Should one or more of these risks or uncertainties materialize, or should underlying assumptions prove incorrect, actual results may vary materially from those set forth in the forward-looking statements. There can
be no guarantee that any of our drug candidates will be approved for sale in any market, or that any approvals which are obtained will be obtained at any particular time, or that any such drug candidates will achieve
any particular revenue or net income levels. In particular, management’s expectations could be affected by, among other things: unexpected regulatory actions or delays or government regulation generally; the
uncertainties inherent in research and development, including the inability to meet our key study assumptions regarding enrollment rates, timing and availability of subjects meeting a study’s inclusion and exclusion
criteria and funding requirements, changes to clinical protocols, unexpected adverse events or safety, quality or manufacturing issues; the inability of a drug candidate to meet the primary or secondary endpoint of a
study; the inability of a drug candidate to obtain regulatory approval in different jurisdictions or gain commercial acceptance after obtaining regulatory approval; global trends toward health care cost containment,
including ongoing pricing pressures; uncertainties regarding actual or potential legal proceedings, including, among others, actual or potential product liability litigation, litigation and investigations regarding sales
and marketing practices, intellectual property disputes, and government investigations generally; and general economic and industry conditions, including uncertainties regarding the effects of the persistently weak
economic and financial environment in many countries, uncertainties regarding future global exchange rates and uncertainties regarding the impact of the COVID-19 pandemic.
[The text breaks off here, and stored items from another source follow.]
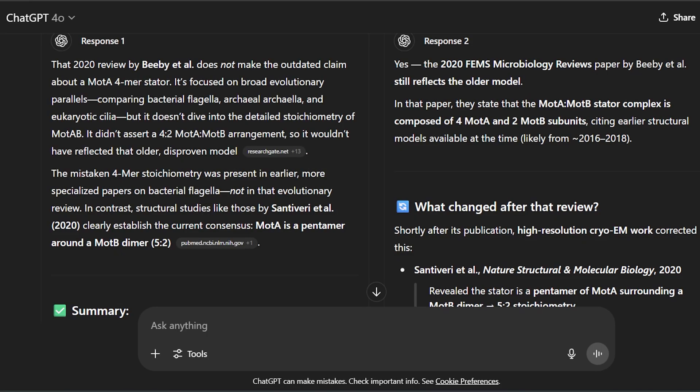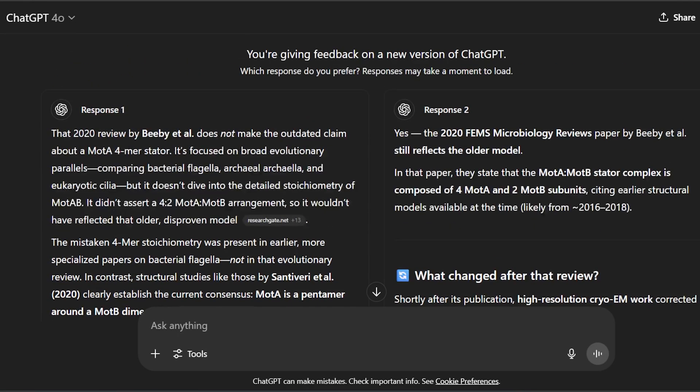I'll link you to the entire conversation. I asked it if the paper used the old four-mer model. It gave me two responses and asked me to choose the one I liked best — I'm somehow on ChatGPT's beta testing list. And the responses completely contradict each other. One says yes, the 2020 paper still reflects the old model. The other says no, it does not make the outdated claim. ChatGPT really struggles analyzing papers and it really hallucinates strongly.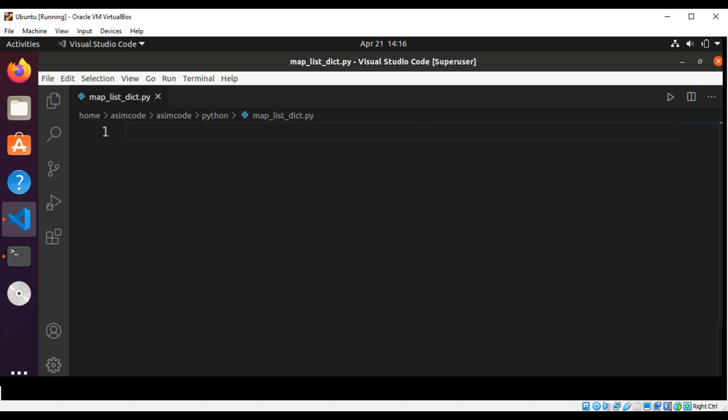The key-value pairs will consist of the original value as the key and the result of the function as the value. So we are going to take a list, map it to a dictionary — the keys of the dictionary will be the values of the list, and the values of the dictionary will be the result of the function. We are going to define our function first.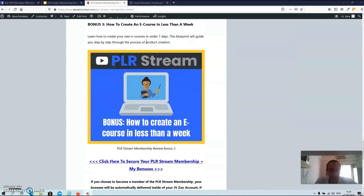Bonus number three: How to Create an E-Course in Less Than a Week. In this course you will learn how to create your own e-courses in under seven days. This blueprint will guide you step by step through the process of product creation.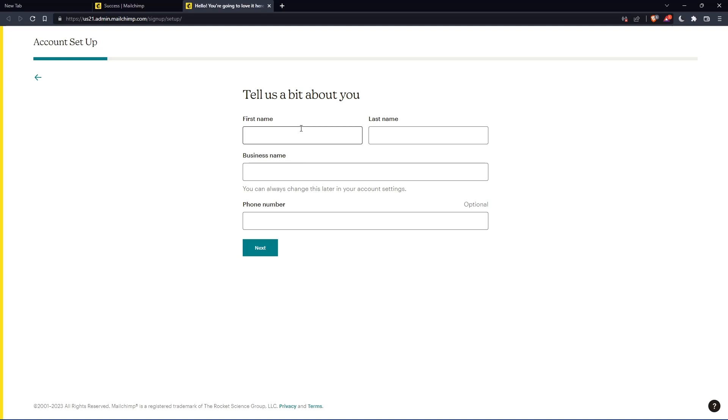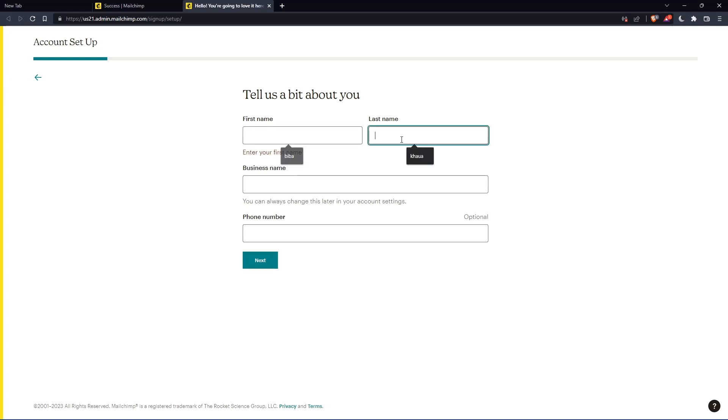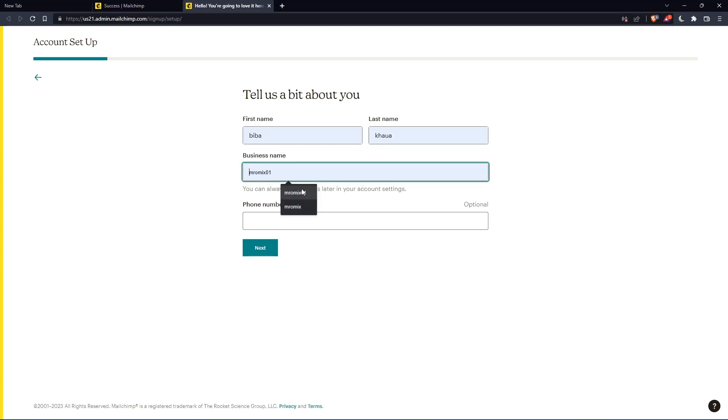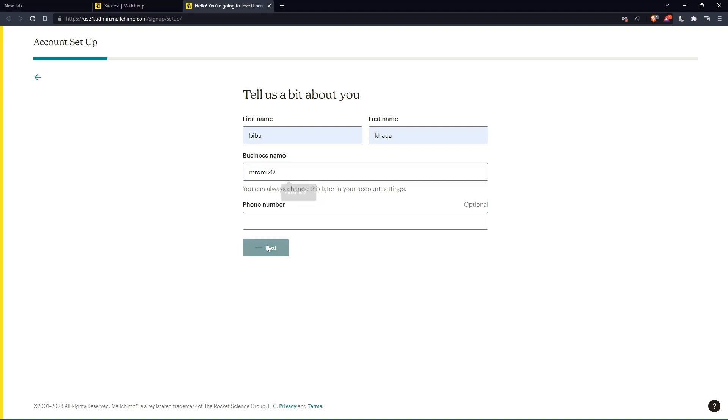Here you'll have to enter your first name and last name. Let's just enter those and click on next.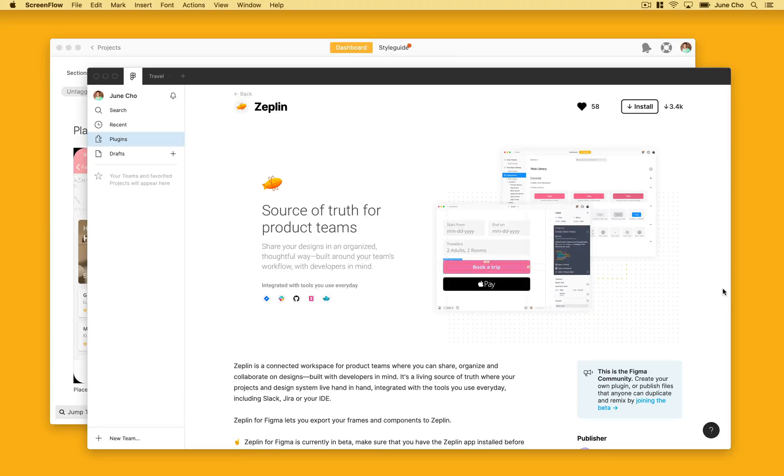Hey, this is Jun from Zeppelin. Today, I'm super excited to share that we've rebuilt the Figma integration from the ground up to fix critical performance issues and introduce new features. Let's hop into a demo and check out what's new.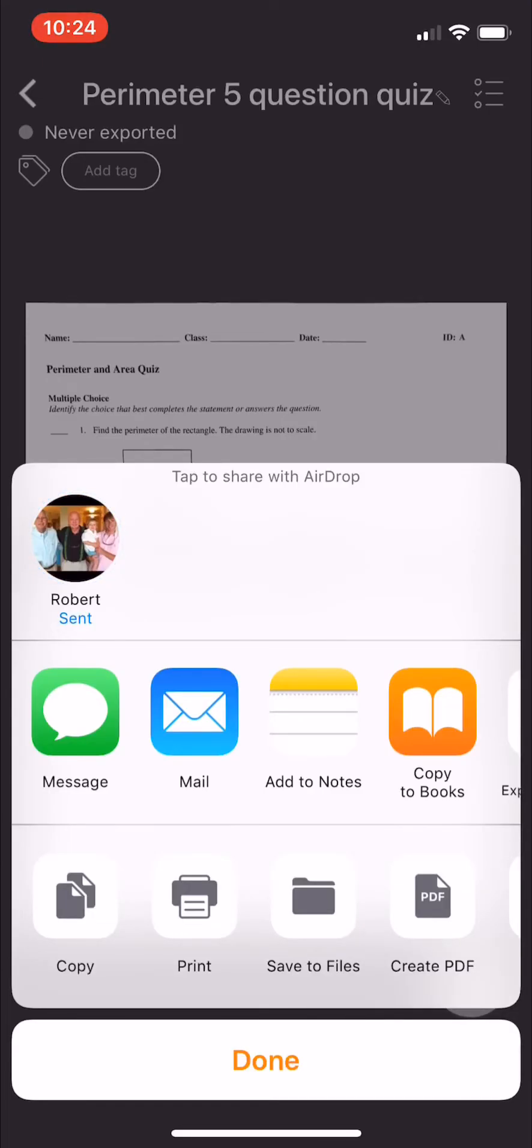Okay, or you could text message or email it or save it or do whatever you want. The beauty is you just took an image and turned it into a PDF very, very easily.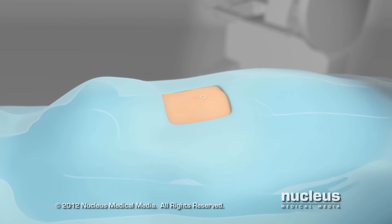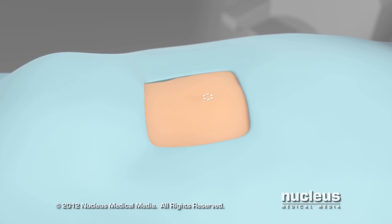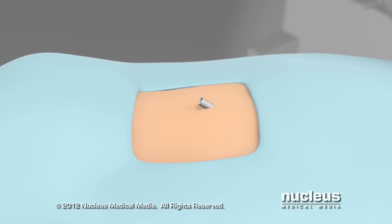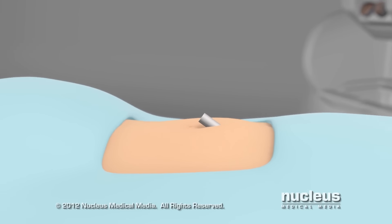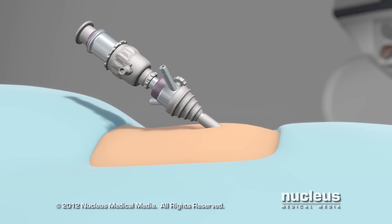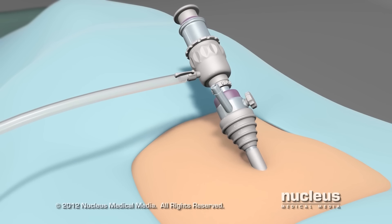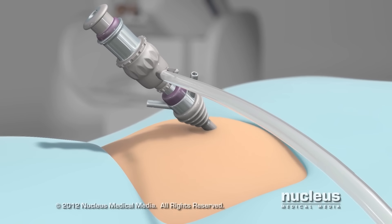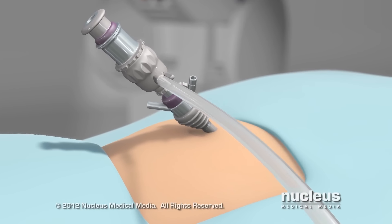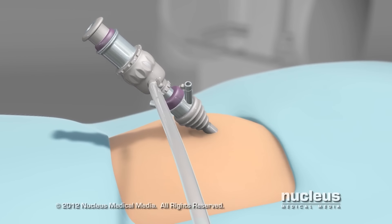Your surgeon will make a small incision near your belly button and insert a plastic tube called a port. Carbon dioxide gas will be pumped into your abdomen through this port. The gas will inflate your abdomen, giving your surgeon more room to see and move the surgical tools.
For further discussion of these and
other risks, see HUTCHMED’s filings with the U.S. Securities and Exchange Commission, on AIM and on HKEX. HUTCHMED is providing the information in this Annual Report as of this date and does not undertake any
obligation to update any forward-looking statements as a result of new information, future events or otherwise.
In addition, this Annual Report contains statistical data and estimates that HUTCHMED obtained from industry publications and reports generated by third-party market research firms. Although HUTCHMED believes
that the publications, reports and surveys are reliable, HUTCHMED has not independently verified the data and cannot guarantee the accuracy or completeness of such data. You are cautioned not to give undue weight
to this data. Such data involves risks and uncertainties and are subject to change based on various factors, including those discussed above.